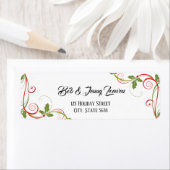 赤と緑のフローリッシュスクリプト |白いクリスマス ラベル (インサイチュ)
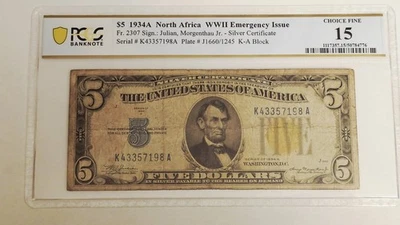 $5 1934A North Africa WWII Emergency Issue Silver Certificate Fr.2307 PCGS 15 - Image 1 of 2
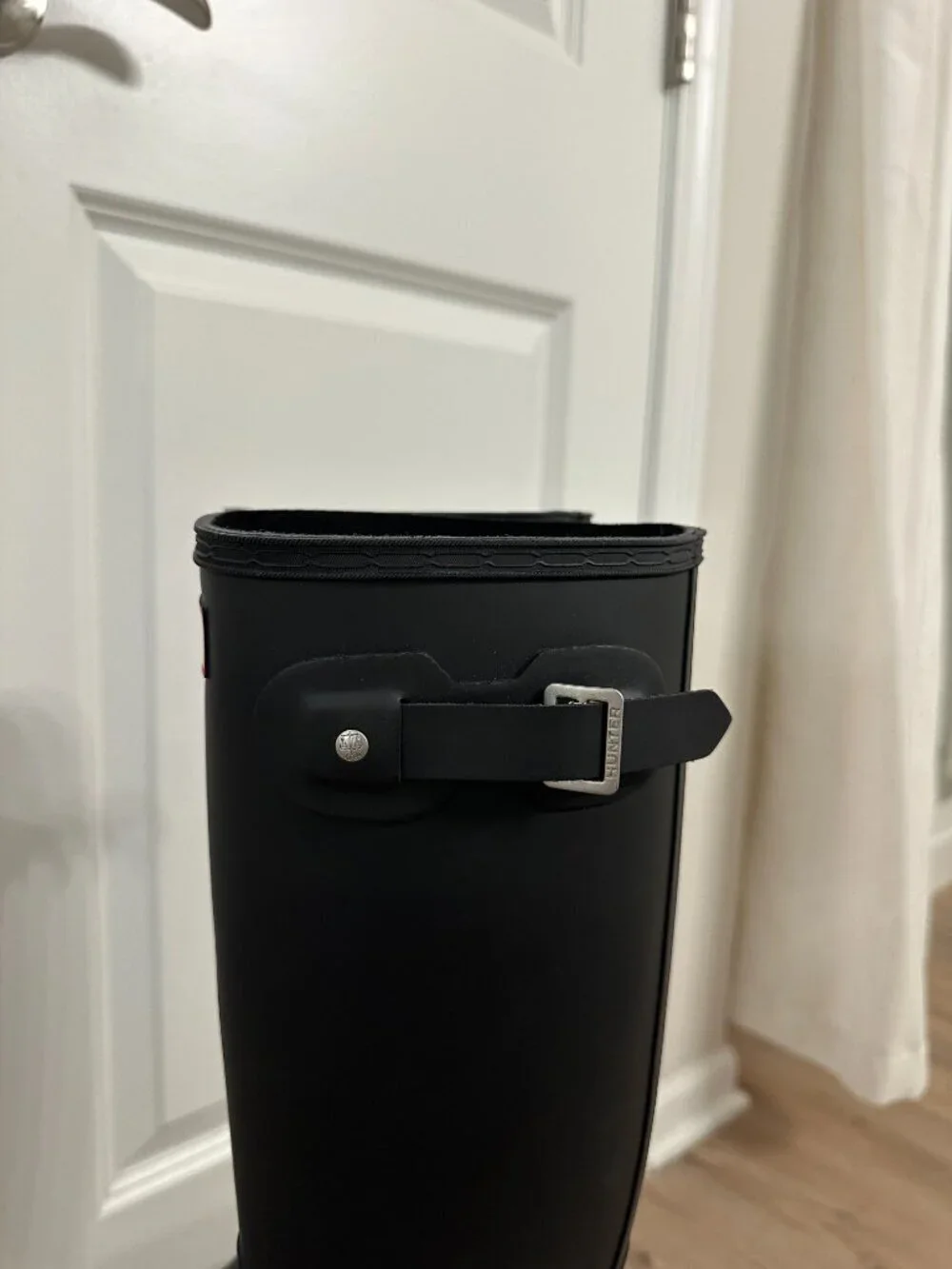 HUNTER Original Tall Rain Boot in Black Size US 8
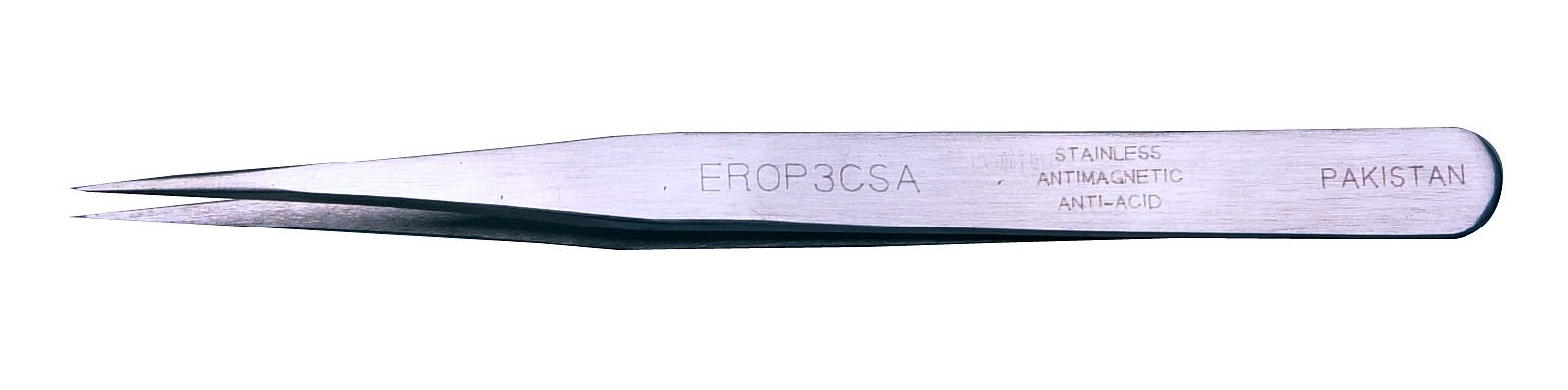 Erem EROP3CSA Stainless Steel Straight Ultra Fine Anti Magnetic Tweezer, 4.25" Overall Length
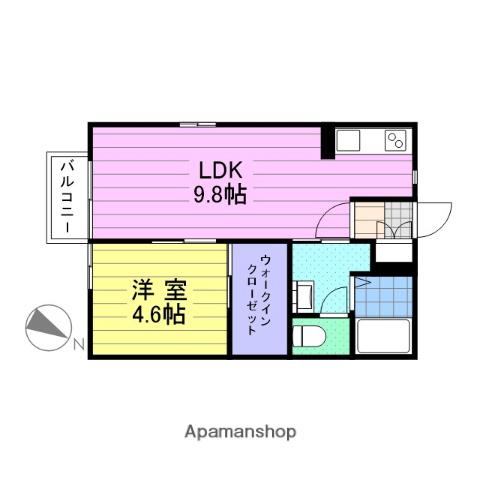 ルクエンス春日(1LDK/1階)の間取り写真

◆ **What is required**:
Each line above should be returned exactly as it stands, minus any pictures.

◆ **Answer to the exercise**:
 赤と緑のフローリッシュスクリプト |白いクリスマス ラベル (インサイチュ)
 $5 1934A North Africa WWII Emergency Issue Silver Certificate Fr.2307 PCGS 15 - Image 1 of 2
 HUNTER Original Tall Rain Boot in Black Size US 8
 Erem EROP3CSA Stainless Steel Straight Ultra Fine Anti Magnetic Tweezer, 4.25" Overall Length
 ルクエンス春日(1LDK/1階)の間取り写真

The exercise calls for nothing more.